I ask the hon. Gentleman to forgive me. I cannot allow hon. Members to use my speech as a vehicle for making their own.
The special measures are at present supporting over 300,000 jobs or training places, and as they develop we plan to extend them to 400,000 by 1979. I was a little concerned to note the lack of support for the special measures evinced by the hon. Member for Brentford and Isleworth compared with what he has previously shown and his lack of recognition of their beneficial effects, especially in training.
I come next to the recently introduced youth opportunities programme and the special temporary employment programme. Here again, it is difficult to predict just how useful they will be because so much depends on local initiative and co-operation. But the youth opportunities programme should help with the summer school leavers—whose addition to the register in July was the major cause of the July increase in the register over June—when the programme is opened to them on and after 1st September.
We expect that by September the youth opportunities programme will be supporting about 130,000 school leavers in training and in work experience. It is good to note that, despite a larger number of school leavers this year compared with last year, the number on the register so far is less than it was last year. We expect the youth opportunities programme to help about 234,000 young people in a full year, and the figure for the special temporary employment programme will be about 25,000 temporary jobs. But, again, all this depends on the Manpower Services Commission receiving the support and co-operation of local communities.
The Government have circulated for comment proposals about a new short-time working scheme. No firm decisions have yet been made about the scheme because the necessary consultations are still in progress. But a decision to introduce such a scheme would obviously affect further levels of unemployment by keeping off the register people whose firms were experiencing difficulties which could cause temporary or permanent layoffs.
I readily acknowledge that, in part, the hon. Gentleman's speech sought to be constructive—certainly, in rather greater measure than the speech of the right hon. Member for Leeds, North-East (Sir K. Joseph), which I have carefully read, when he opened the debate on 4th July. I hope that the debate today, instead of being taken as an opportunity for a mere exercise in Government-bashing or Labour Party-bashing, will be used in an attempt to focus attention on constructive ways to help the unemployed.
I read the right hon.

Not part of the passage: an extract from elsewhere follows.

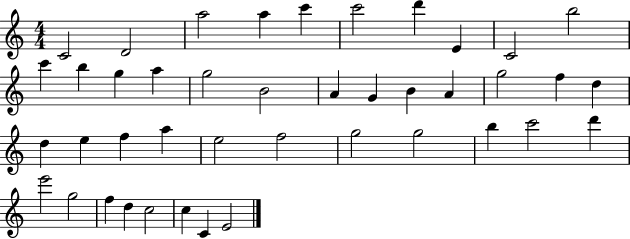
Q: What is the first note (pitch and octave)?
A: C4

Gentleman's speech with great care because I assumed that it represented the Opposition's policy and reflected the measures which they might take, given the opportunity to do so, to help the unemployed and to reduce the level of unemployment. Unfortunately, I was not able to hear it, but I have to say that, on reading the speech, I find that it carries some echoes of the speeches which we heard both in the House and outside immediately prior to the 1970 General Election. Very much the same philosophy was embodied in it as figured in the speeches which we heard on those earlier occasions and which, after that General Election, the Tories sought to implement, with the consequence that two years later unemployment had doubled. There was an increase of nearly 100 per cent. I have given the unemployment figures from the official record in the Department of Employment Gazette. The policy outlined in the right hon. Gentleman's speech seemed to consist of the following elements, some of which were echoed by the hon. Member for Brentford and Isleworth today. First—this is common ground in all Tory speeches—there would be cuts in taxation, both personal and corporate. Second—my hon. Friend the Member for Sowerby (Mr. Madden) challenged the Opposition on this, and I must tell him that I draw the same conclusion from the speeches of the right hon. Lady the Leader of the Opposition—there would be total abandonment of any pay and prices policy other than for the public sector. That I see as the next element in Tory policy.

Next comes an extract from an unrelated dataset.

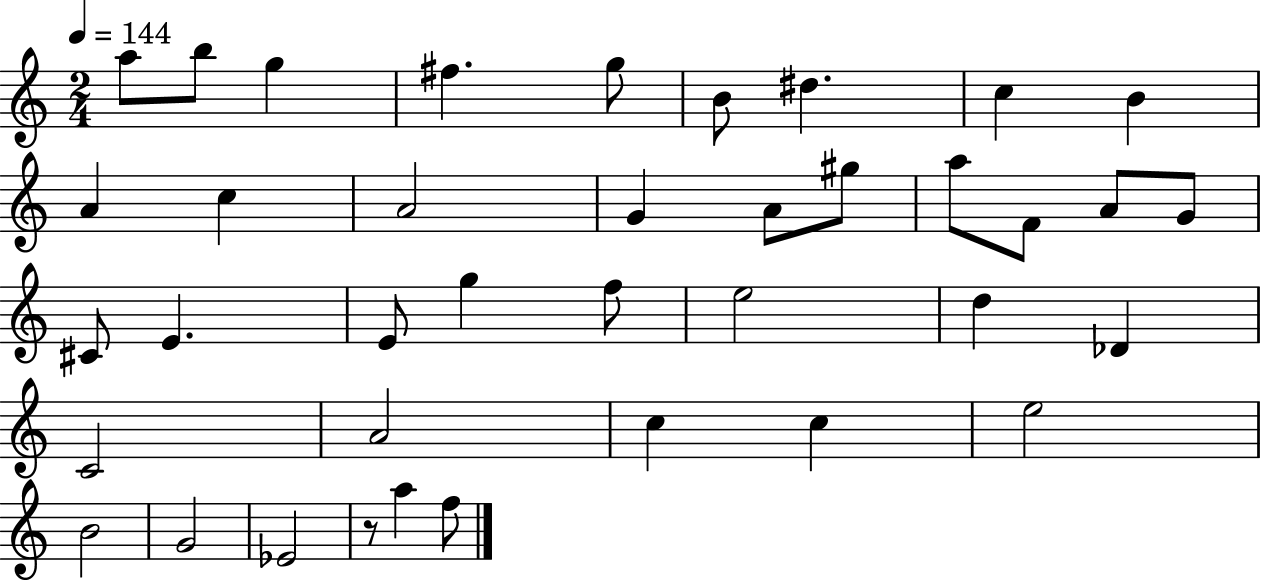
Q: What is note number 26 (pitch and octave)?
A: D5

Third, there would be swingeing cuts in public expenditure. Fourth, the Tories would carve up and fillet, as we heard again today, our employment legislation. Fifth, they would cut, if not cut out entirely, subsidies and grants to industry and commerce.
The hon. Gentleman seemed to want things both ways, and I must tell him that what he said today about subsidies was not altogether consistent with the line taken by his right hon. Friend on 4th July. I shall quote now some fragments which I quickly noted in the right hon. Gentleman's speech. Referring to subsidies and grants, he said:
In aggregate, we believe that these subsidies and grants do more harm than good. They will not make us more competitive… We believe that subsidies and grants and, indeed, the industrial strategy distract management and workers from the key task of putting their own house in order by co-operation between themselves… We believe that the impact for harm via higher taxes and higher interest rates of all these subsidies and grants is greater than the impact for good… Anyway, these grants and subsidies may rescue some jobs but only at the cost of other jobs."—[Official Report, 4th July 1978; Vol. 953, c. 255–6.]
If that was not spelling out the greatest distaste for and rejection of subsidies and grants, I do not know what it was. The right hon. Gentleman could not have put it more clearly.